Then, a tank with 340 liters of air at about 340 bar, when cracking, would not make a big puff only. An oxygen tank for welding has max. 200 bar, but when cracking, it can kill nearby people by smashing the brain and destroy the lungs. A crashing tank would fill the small car with a deadly pressure for the passengers before the hull would also crack.
In addition, where are the service stations that could compress about 120 cubic meter air in minutes to 4300 psi? I think, if ever such car would be produced, it will have very different technical data.

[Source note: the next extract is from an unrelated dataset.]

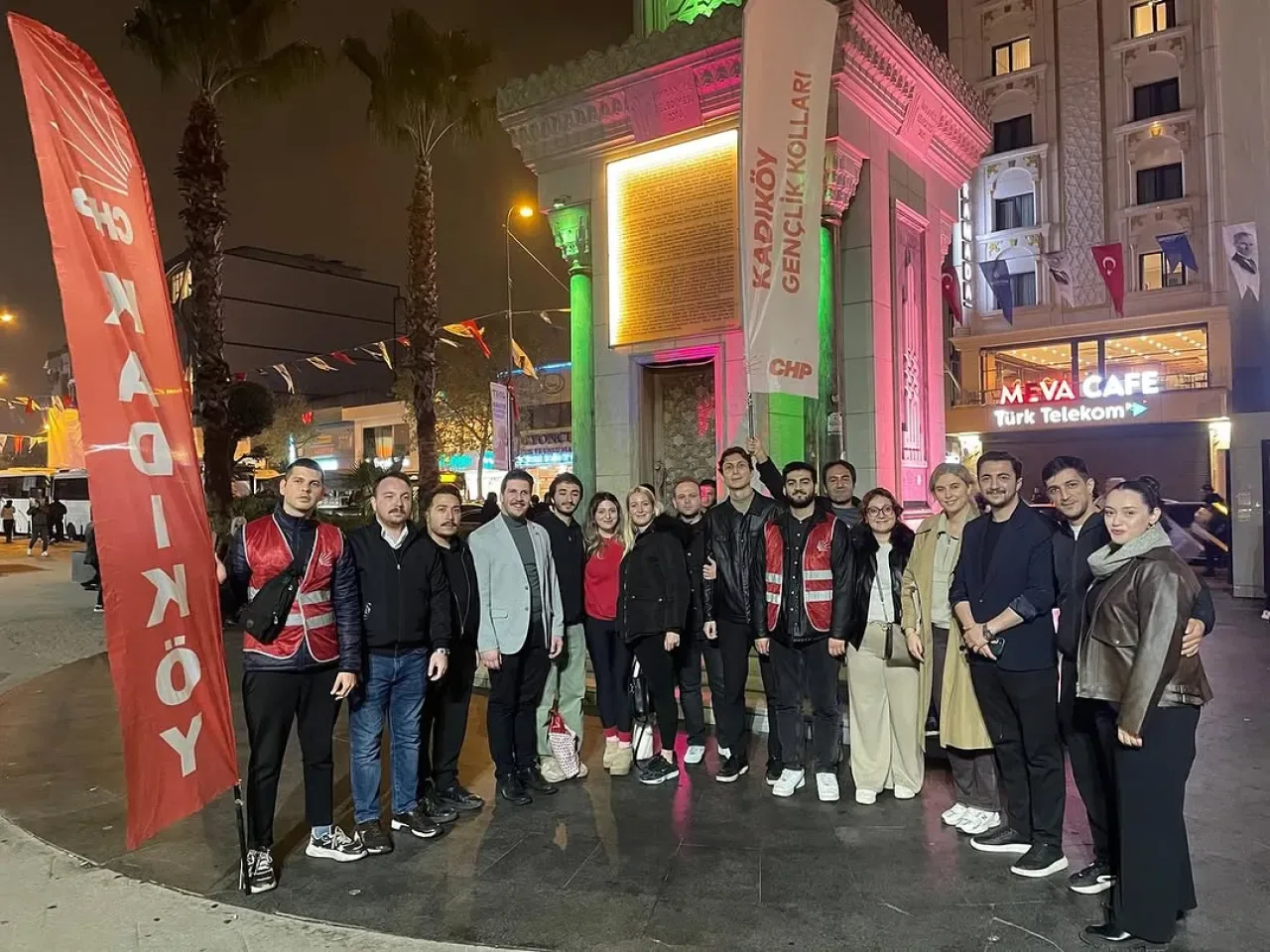 CHP Kadıköy Gençlik Kolları Ümraniye'de Halkla Buluştu: Dayanışma ve Umut Vurgusu CHP Kadıköy Gençlik Kolları Ümraniye'de Halkla Buluştu: Dayanışma ve Umut Vurgusu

Maybe another good technology, which already exists and works, is the fuel engine which substitutes up to 40% fuel with water. It works already in thousands of cars, even other kind of motors incl. generators, the conversion sets are available for between about 150 o 1000 Dollar. Some of the involved people have allegedly been killed to protect the interests of the oil industry. I do not know what is true on that, but there are several cases mentioned by the inventors.

Since carmakers have already engines for normal sized cars that only use 3.to.4 liter gasoline per 100 km, a reduction of only one third, by using water as substitute, could bring demand and therefore price of oil drastically down.

One advertisement about this is even at the Inquirer, named "Run your car on water". More suppliers are to be found on the Internet. Maybe you get more informed. Regards,

Kurt Setschen, (by email), Switzerland, July 25, 2008

(Kurt, please look at the URLs provided by Jean-Marc Blanchette [above] and see if the technical data presented are convincing to you. I have met one Filipino inventor who claims a 30% reduction in fuel consumption with his gadget.  I suggested some tests under controlled laboratory conditions. He said, yes. But that was two months ago, and I not heard from him again. ACA)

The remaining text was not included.